§ REQUIREMENT: In the entries that follow, find the line containing "VS Verzet Protest" and the line containing "Валерій Кривенцов / фото з відкритих джерел Валерій", then retype exactly the lines from the first through the second, pictures excluded.

§ DATA RECORDS:
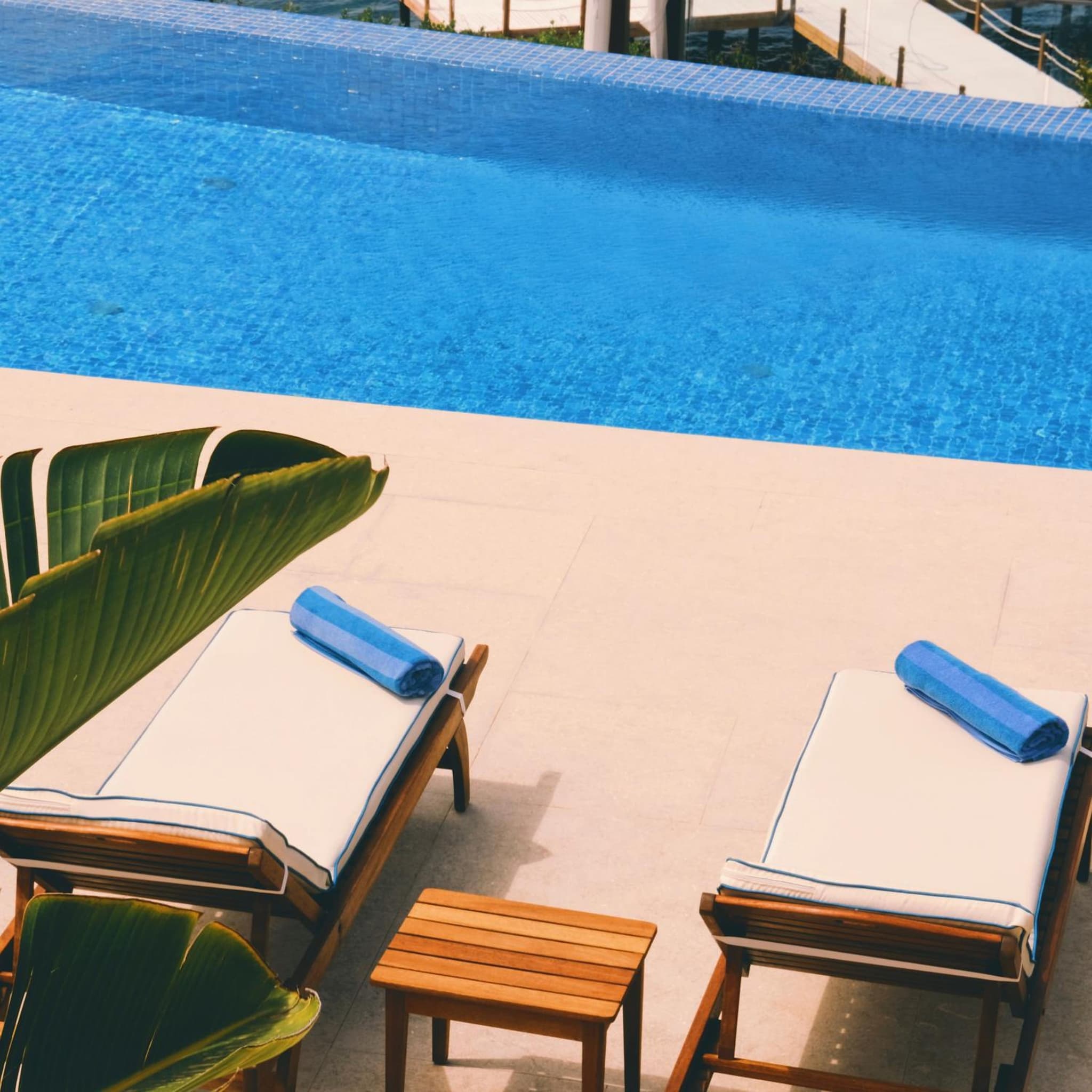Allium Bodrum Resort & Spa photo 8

* * *

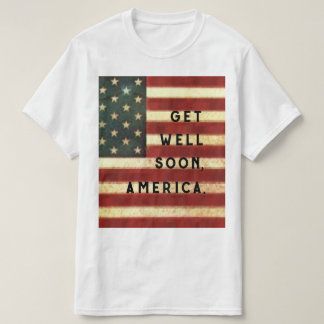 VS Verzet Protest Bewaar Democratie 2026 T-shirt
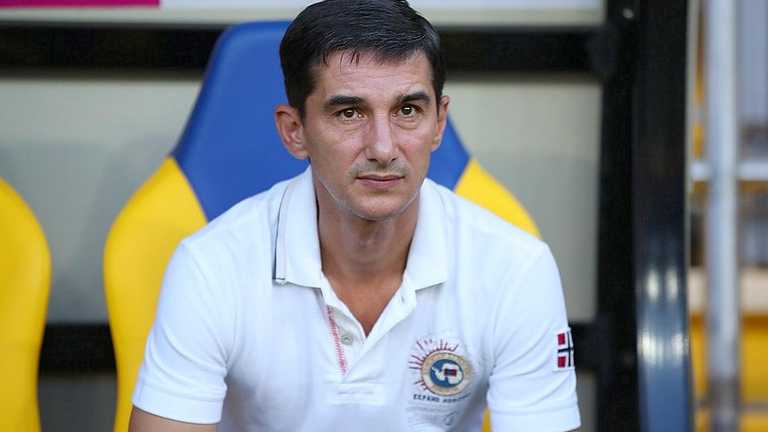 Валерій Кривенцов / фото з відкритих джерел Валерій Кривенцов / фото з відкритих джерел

...

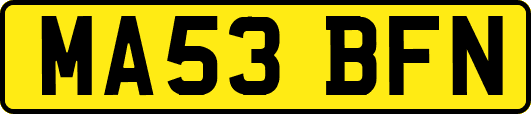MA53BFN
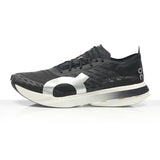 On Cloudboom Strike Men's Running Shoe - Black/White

§ WRITTEN REPLY:
 VS Verzet Protest Bewaar Democratie 2026 T-shirt
 Валерій Кривенцов / фото з відкритих джерел Валерій Кривенцов / фото з відкритих джерел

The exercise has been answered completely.